I've seen quite a lot of work to do with approximating the Hessian such as the Hessian Vector Product but I'm not entirely sure how knowing the Hessian helps us evaluate the gradient step to take.
Newton's method utilizes the inverse Hessian such that
$$ f(\mathbf{x + \Delta x}) \approx f(\mathbf{x}) + \mathbf{g}^T \mathbf{\Delta x} + \frac{1}{2}\mathbf{\Delta x^T H \Delta x} $$
so if we want to solve for when the gradient is zero,
$$ \frac{d f(\mathbf{x} + \mathbf{\Delta x)}}{d \mathbf{\Delta x}} = \mathbf{g + H \Delta x} $$
$$ 0 = \mathbf{g} + \mathbf{H} \mathbf{\Delta x} $$
then $$ \Delta \mathbf{x} = - \mathbf{H}^{-1} \mathbf{g} $$
where $\mathbf{g}$ is the gradient of $f$ and $\mathbf{H}$ is the Hessian.
but, isn't the main difficulty to do with the amount of computation required to invert the Hessian?

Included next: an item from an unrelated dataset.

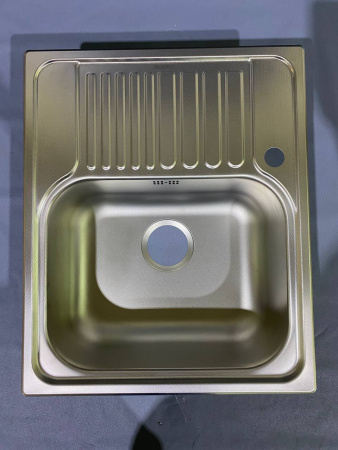 №22, Мойка врезная нержавейка Blanco TIPO 45S MINI Leine 605х500 700 Металл, декор, Новый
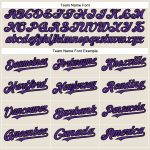 Personalized Authentic Baseball Jersey in Cream Purple-Black Color Personalized Cream Purple-Black Authentic Baseball Jersey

Specifically in the Hessian-Vector Product they use the following trick: $$ {\bf g}({\bf x}+{\bf \Delta x}) \approx {\bf g}({\bf x}) + \mathbf{H}({\bf x}){\bf \Delta x}$$
then for small $r$ $$ {\bf g}({\bf x}+r{\bf v}) \approx {\bf g}({\bf x}) + r \mathbf{H}({\bf x}){\bf v}$$
and this lets them compute $\mathbf{Hv}$ $$\mathbf{H}({\bf x}){\bf v}\approx\frac{{\bf g}({\bf x}+r{\bf v}) - {\bf g}({\bf x})}{r}$$
But... again, if what's important is the inverse Hessian, then what use is $\mathbf{H}v$ assuming it's too computationally expensive to invert?